How is that possible? Can anyone explain this? I think this.smallpart kept referencing towards data, but why?
UPDATE:
How can I clear the big String then? Will data = new String(data.substring(0,100)) do the thing?

Doing the following:
data.substring(x, y) + ""
creates a new (smaller) String object, and throws away the reference to the String created by substring(), thus enabling garbage collection of this.
The important thing to realise is that substring() gives a window onto an existing String - or rather, the character array underlying the original String. Hence it will consume the same memory as the original String. This can be advantageous in some circumstances, but problematic if you want to get a substring and dispose of the original String (as you've found out).
Take a look at the substring() method in the JDK String source for more info.
EDIT: To answer your supplementary question, constructing a new String from the substring will reduce your memory consumption, provided you bin any references to the original String.
NOTE (Jan 2013). The above behaviour has changed in Java 7u6. The flyweight pattern is no longer used and substring() will work as you would expect.

If you look at the source of substring(int, int), you'll see that it returns:
new String(offset + beginIndex, endIndex - beginIndex, value);
where value is the original char[]. So you get a new String but with the same underlying char[].
When you do, data.substring() + "", you get a new String with a new underlying char[].
Actually, your use case is the only situation where you should use the String(String) constructor:
String tiny = new String(huge.substring(12,18));

When you use substring, it doesn't actually create a new string.

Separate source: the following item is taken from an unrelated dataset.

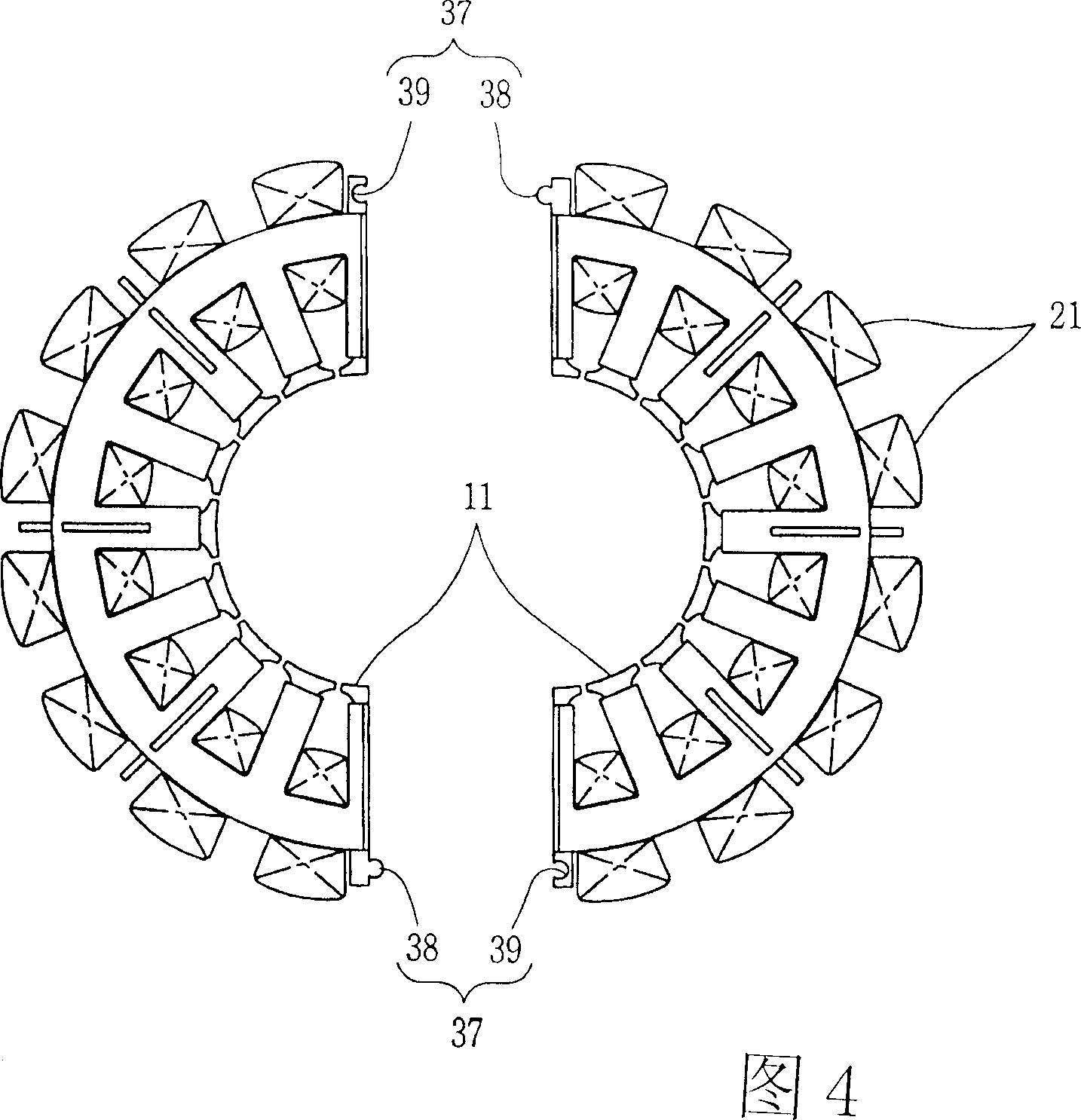 Stator for annular generator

It still refers to your original string, with an offset and size constraint.
So, to allow your original string to be collected, you need to create a new string (using new String, or what you've got).

I think this.smallpart kept
referencing towards data, but why?
Because Java strings consist of a char array, a start offset and a length (and a cached hashCode). Some String operations like substring() create a new String object that shares the original's char array and simply has different offset and/or length fields. This works because the char array of a String is never modified once it has been created.
This can save memory when many substrings refer to the same basic string without replicating overlapping parts. As you have noticed, in some situations, it can keep data that's not needed anymore from being garbage collected.
The "correct" way to fix this is the new String(String) constructor, i.e.
this.smallpart = new String(data.substring(12,18));
BTW, the overall best solution would be to avoid having very large Strings in the first place, and processing any input in smaller chunks, aa few KB at a time.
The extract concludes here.